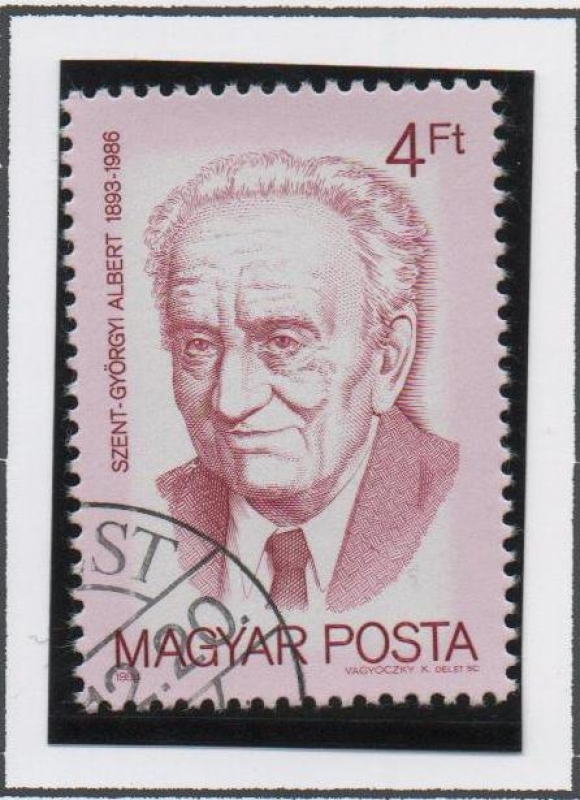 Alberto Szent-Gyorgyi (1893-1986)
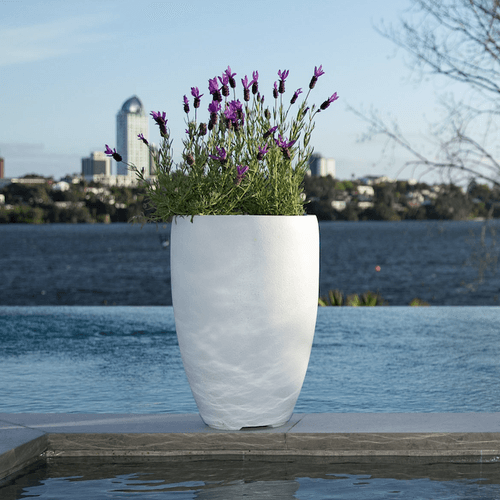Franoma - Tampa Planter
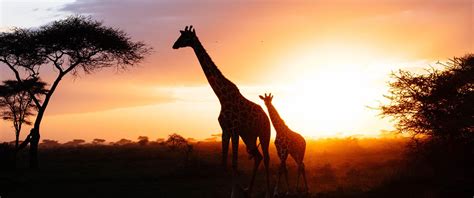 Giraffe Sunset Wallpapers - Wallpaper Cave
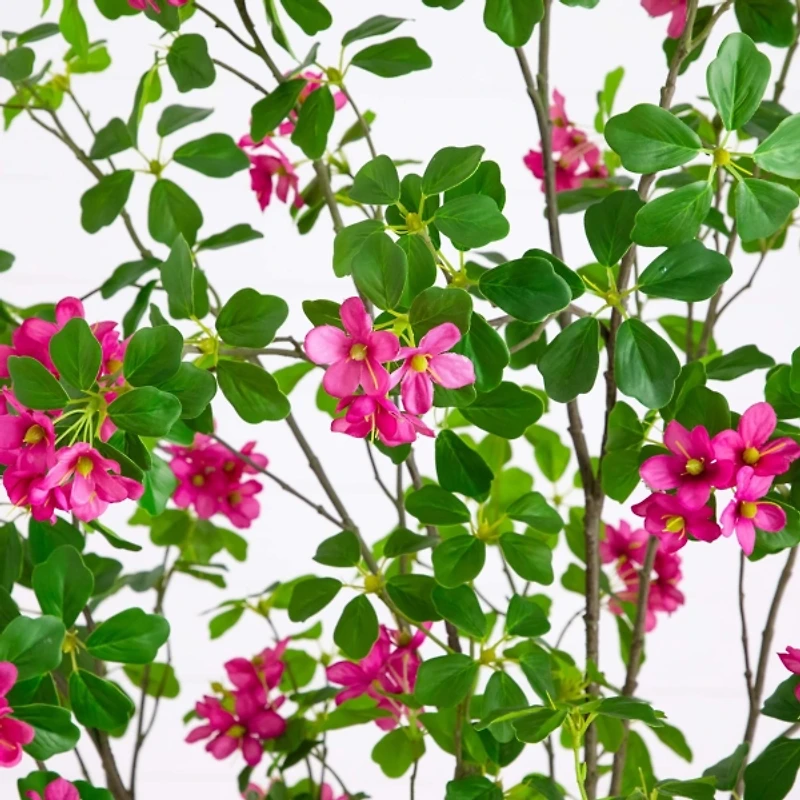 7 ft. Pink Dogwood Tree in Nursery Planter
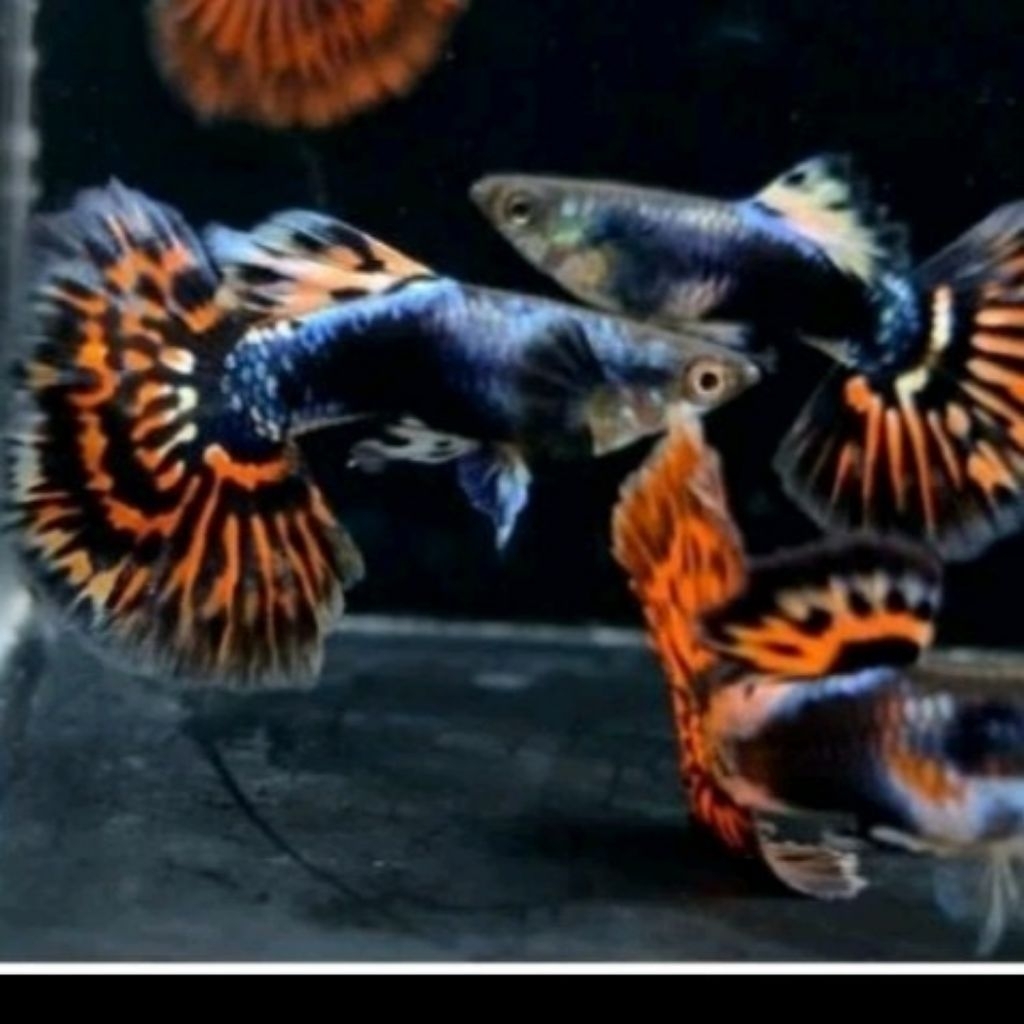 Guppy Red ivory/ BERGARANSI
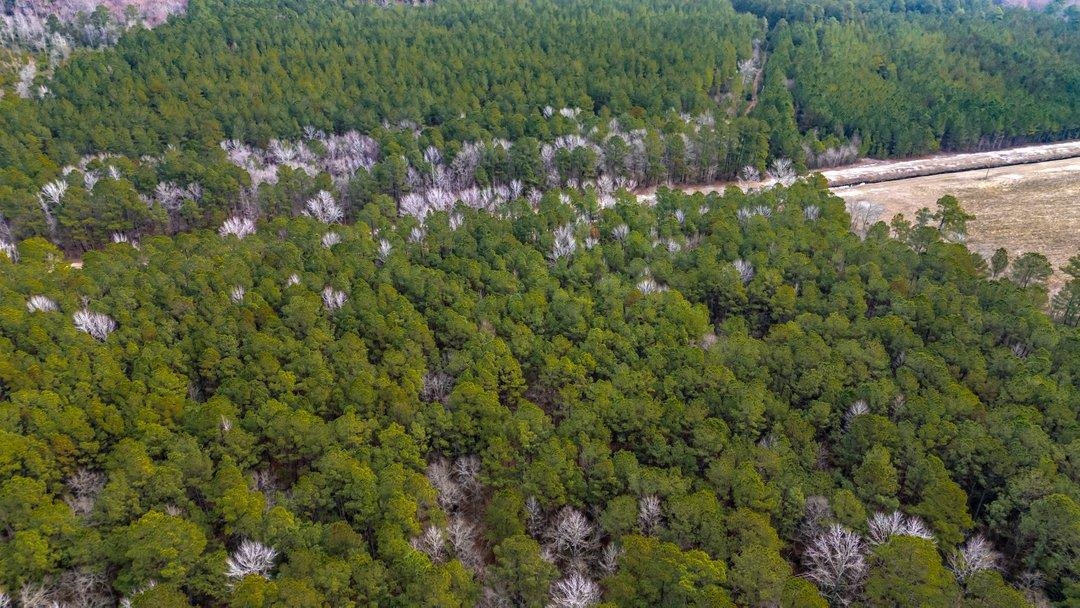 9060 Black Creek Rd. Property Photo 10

_____

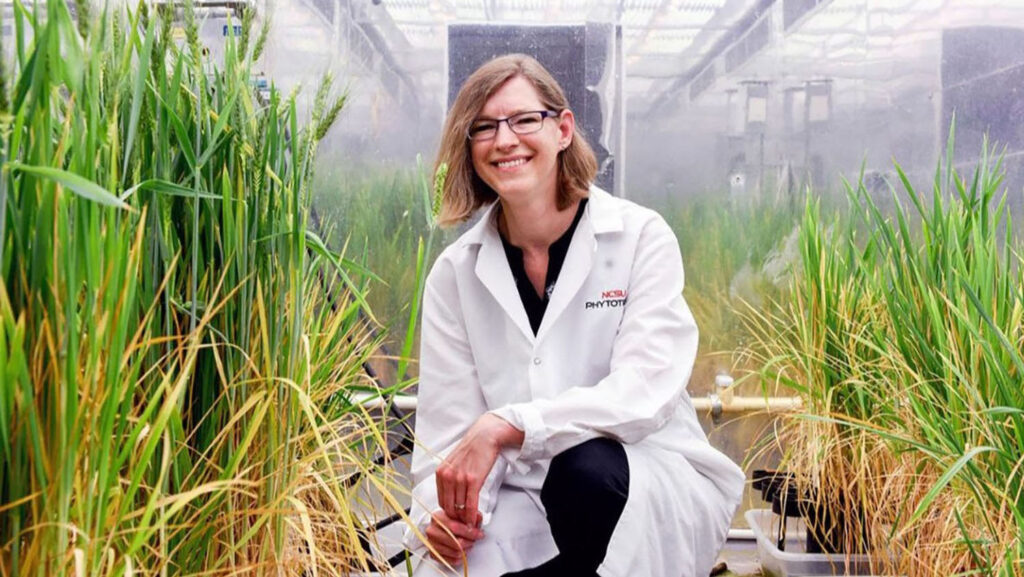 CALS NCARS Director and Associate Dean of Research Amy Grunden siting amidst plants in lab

_____

Print exactly the lines above that run from the one with "7 ft. Pink Dogwood Tree in Nursery Planter" down to the one with "9060 Black Creek Rd. Property Photo 10", and omit the pictures.

 7 ft. Pink Dogwood Tree in Nursery Planter
 Guppy Red ivory/ BERGARANSI
 9060 Black Creek Rd. Property Photo 10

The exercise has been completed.